The BIM Execution Plan (BEP) is the project document that defines how BIM will be used, who is responsible for which elements, and what LOD is expected at each phase. A well-written BEP includes an LOD Matrix: a spreadsheet or table that assigns every major element category a responsible author and an LOD expectation at each project milestone.

The LOD Matrix typically follows BIMForum element categories and assigns:

• Author: which firm or trade is responsible for modeling the element
• LOD at each milestone: SD, DD, CD, Coordination, Fab, As-Built
• Non-graphic information: what parameters must be populated at each LOD

Common BEP mistake: teams list LOD 400 for all elements at CD phase, which is impossible for the design team to deliver. The BEP should reflect what the design team can realistically provide, with LOD 400 clearly assigned to the responsible fabricator.

Common Mistakes in LOD Practice

Confusing Revit's view detail level with LOD. Revit offers Coarse, Medium, and Fine display states for views. These control what is shown on screen but have nothing to do with LOD. A Fine view can display an LOD 100 element in full graphic richness. These are independent concepts.

Over-modeling for the phase. Modeling to LOD 400 during design development wastes hours and creates files that are slow to navigate, difficult to change when the design evolves, and often inaccurate because the design has not yet been resolved. Model to the LOD the phase requires — nothing more.
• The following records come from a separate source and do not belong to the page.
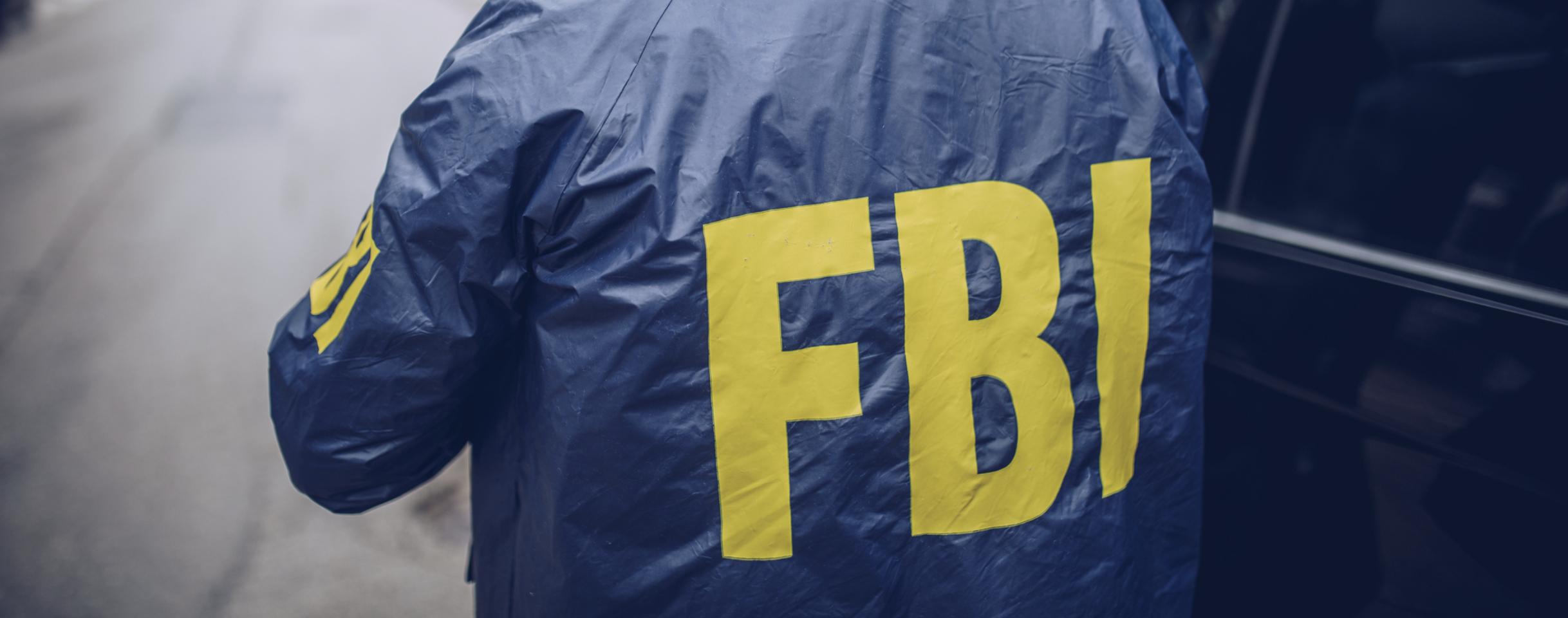 FBI Searches Donald Trump’s Florida Home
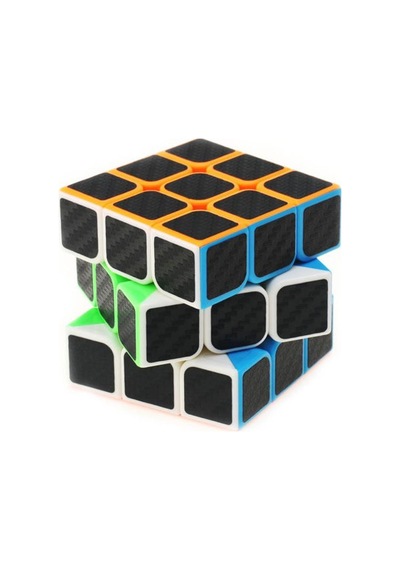 Zeka Küpü Sabır Küpü Rübik Küp 3x3x3 Akıl Zeka Oyunu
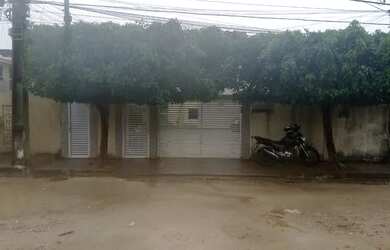 Imagem: A casa em condomínio possui 2 Dormitórios, 1 Banheiro, 1 Vaga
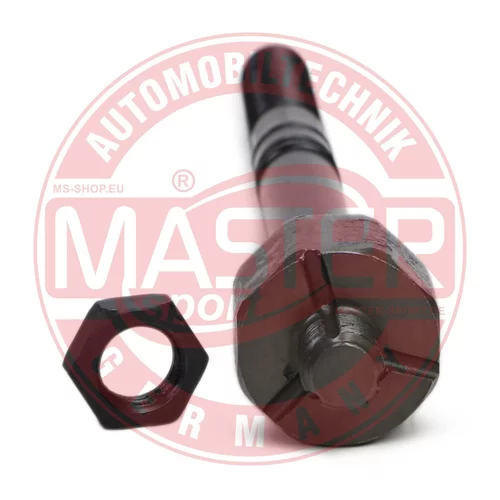 Axiálny čap tiahla riadenia 39252-PCS-MS (MASTER-SPORT GERMANY) - obr. 3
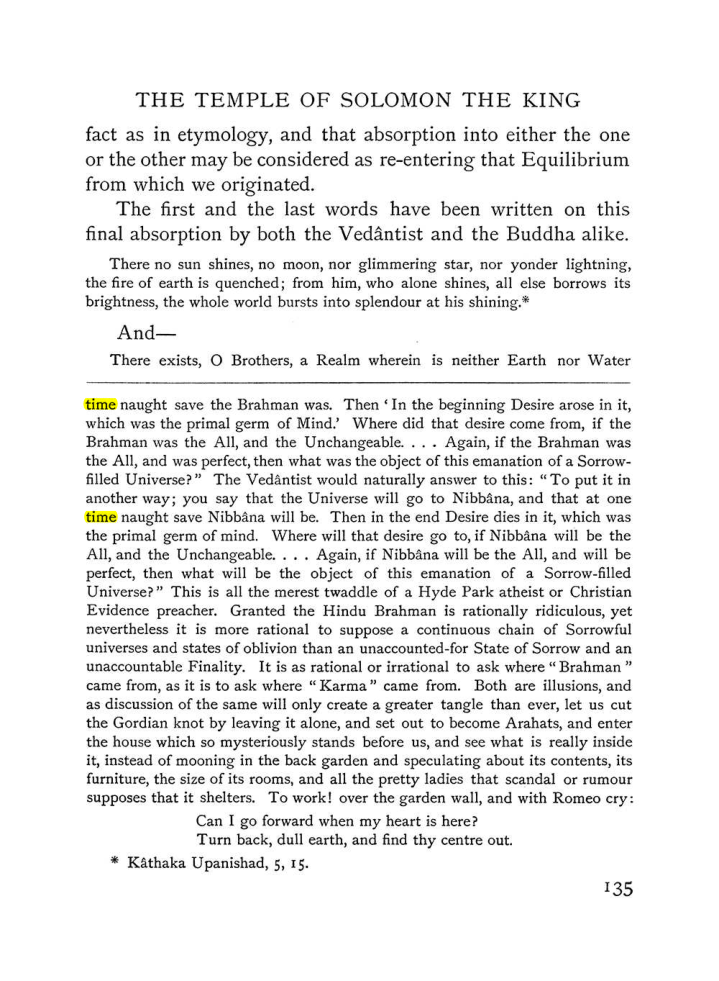 Original scan of The Equinox (Volume I, Number IV), PDF page 151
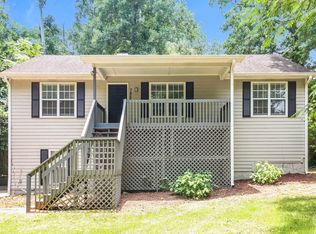 7858 Nebo Rd, Hiram, GA 30141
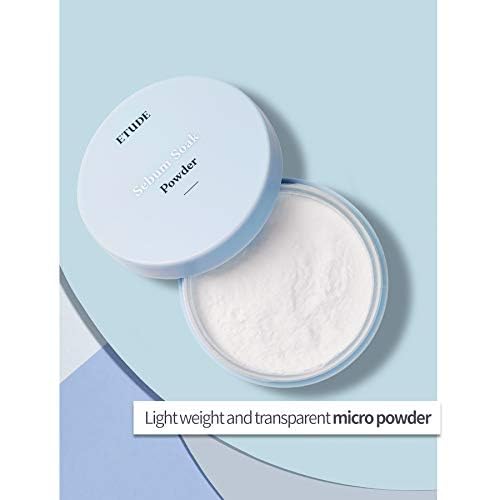 ETUDE Sebum Soak Powder 5g (23AD) | Makeup 5g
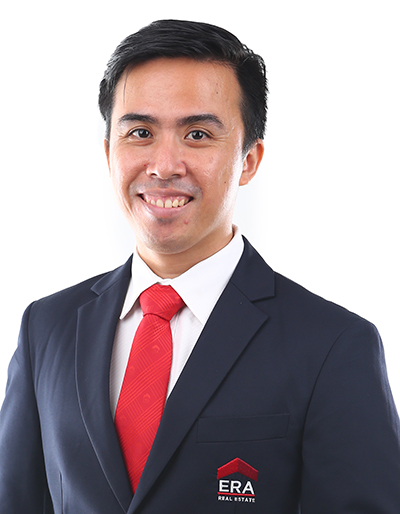 VICTOR HO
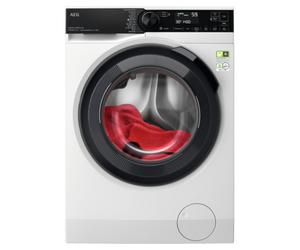 LFR84946UC 8000 9kg 1400rpm with Powercare & UniversalDose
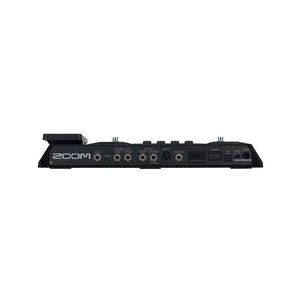 Zoom G6 Multi-Effects Processor
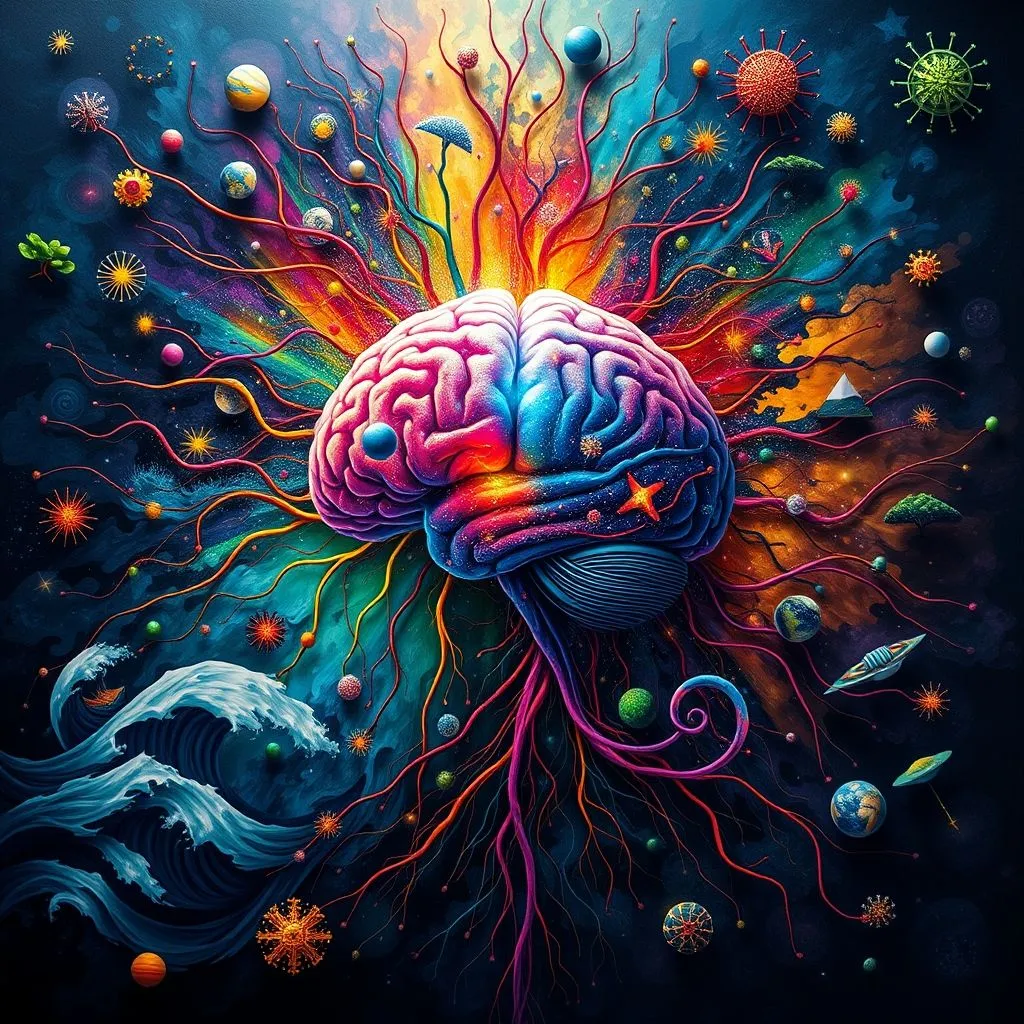 涉及心理学的例子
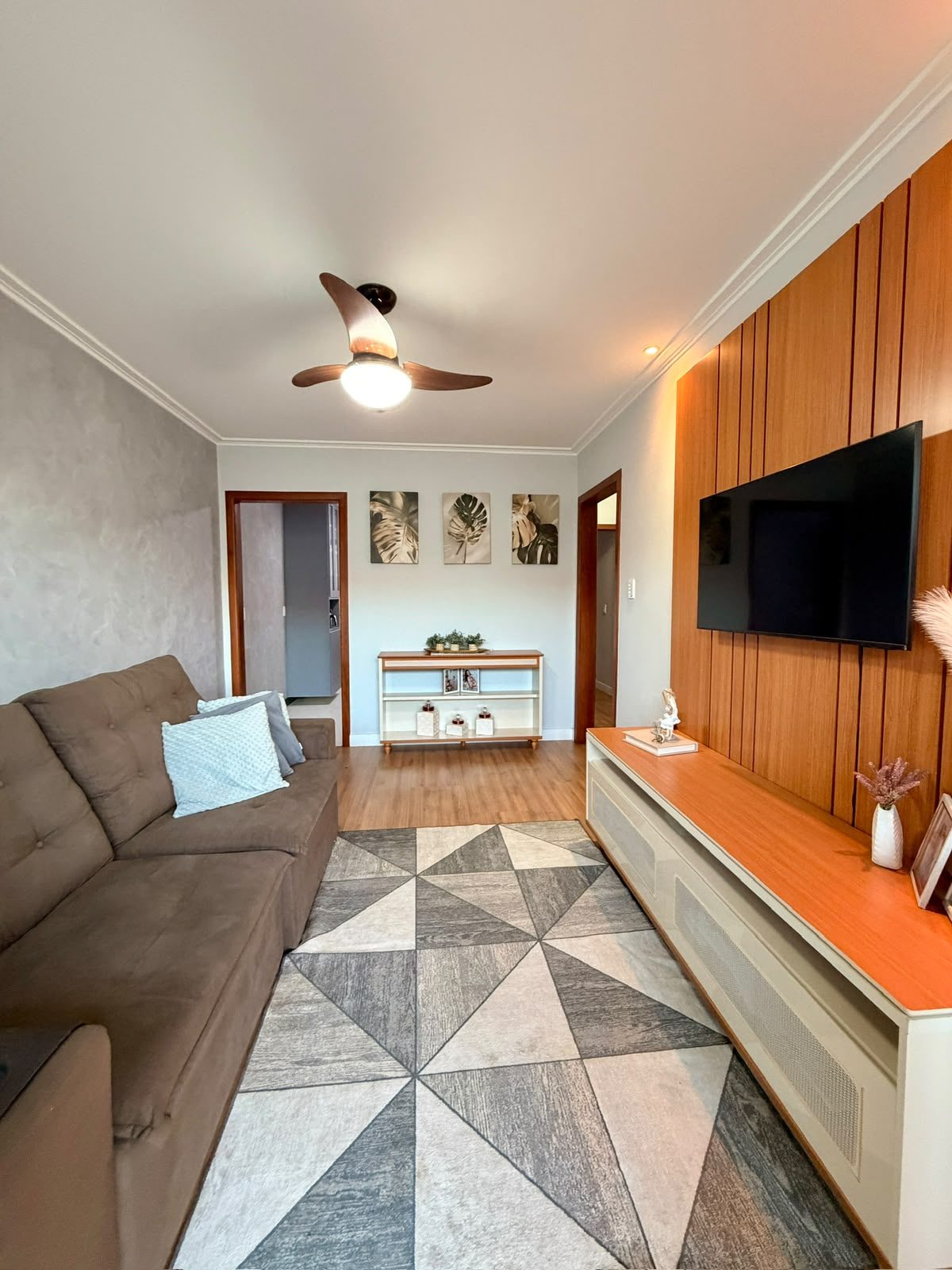 CASA RESIDENCIAL ANTÔNIO DAMIANI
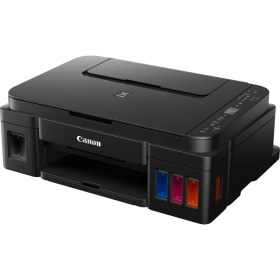 Resim Canon G3415 Renkli Mürekkep Tanklı Yazıcı/Fotokopi+Tarama/Wifi/Mobil Baskı (Canon Eurasia Garantili) 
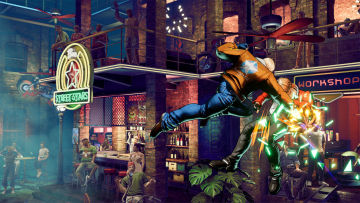 【亲测】解压即撸| V3.2.2 |豪华中文-金家藩DLC+全DLC+预购特典《饿狼传说 群狼之城》 图 2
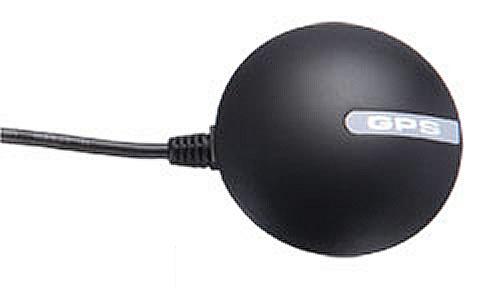 GEOVISION GPSMODULE- MODULO RECEPTOR DE SE?L GPS CON COMUNI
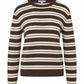 Frankie Cashmere Pullover-Sweaters-Uniquities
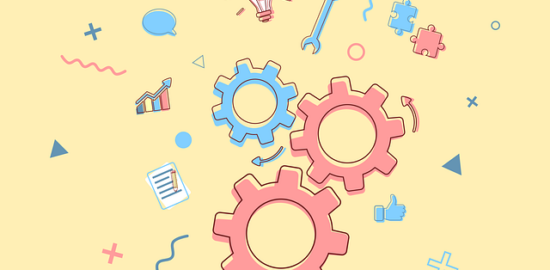 Nápady pro moderní nábytek do domácnosti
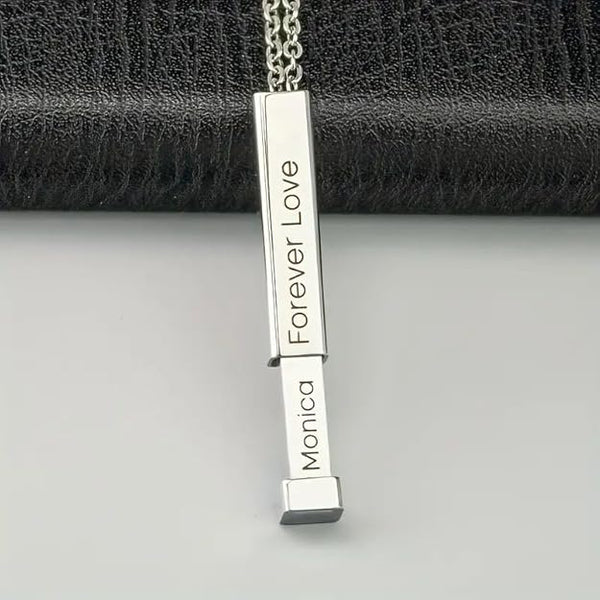 Secret pendant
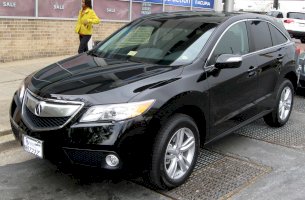 Acura RDX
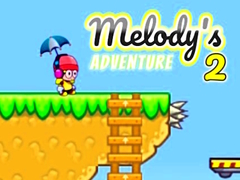 খেলা Melodys Adventure 2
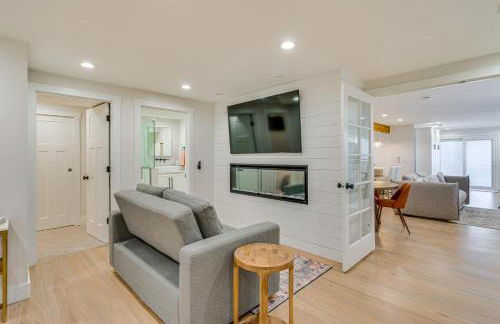 Pool and Hot Tub Access Luxury Roy Oasis! - Photo 4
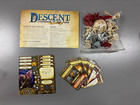 Descent Journeys in the Dark - DJitD Oath of the Outcast Expansion - Loose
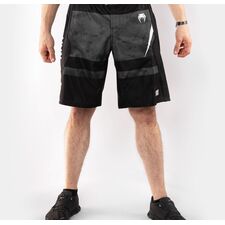 Short de combat Sky247, Couleur: Noir, Taille ne pas utiliser: S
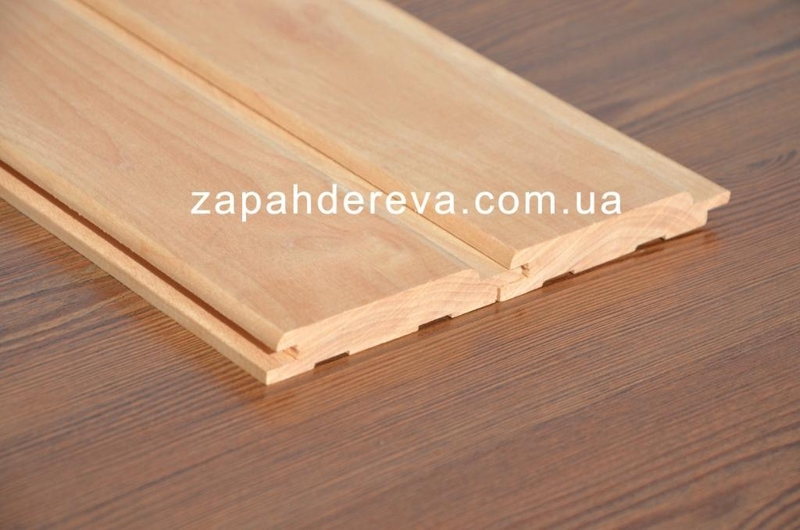 Вагонка Харьков: сосна, ольха, липа - <ro>Изображение</ro><ru>Изображение</ru> #3, <ru>Объявление</ru> #1259469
Treating LOD as a visual standard. Owners and PMs sometimes request "detailed models" meaning they want things to look complete, which is a Level of Detail request. Educate stakeholders that LOD is about information reliability, not visual appearance.

Not assigning LOD in contracts. Without an AIA G202 or BEP LOD matrix in the contract, teams have no defined responsibility for what the model contains. Disputes arise at handover when the owner expects an FM-ready LOD 500 model but the design team only delivered LOD 300.

LOD Impact on File Size and Performance

One practical consequence of LOD decisions is model performance. Highly detailed geometry — parametric rebar, sheet metal seams, bolt patterns — exponentially increases file size and regeneration time. As a rule of thumb:

• LOD 100–200 models: fast, lightweight, suitable for early-phase iteration
• LOD 300 models: manageable with proper workset structure and linked models
• LOD 350 coordination models: should be federated (Navisworks NWD/NWC) rather than live Revit for performance
• LOD 400 fabrication models: typically maintained in separate fabrication software (Tekla, CADmep), not inside the Revit design model

The best-performing BIM programs keep the design model at LOD 300, export a coordination NWC for clash detection, and maintain LOD 400 fabrication models in specialized tools — bringing them back into the federated model only for as-built verification. This workflow keeps Revit models responsive and separates design-intent data from fabrication data cleanly.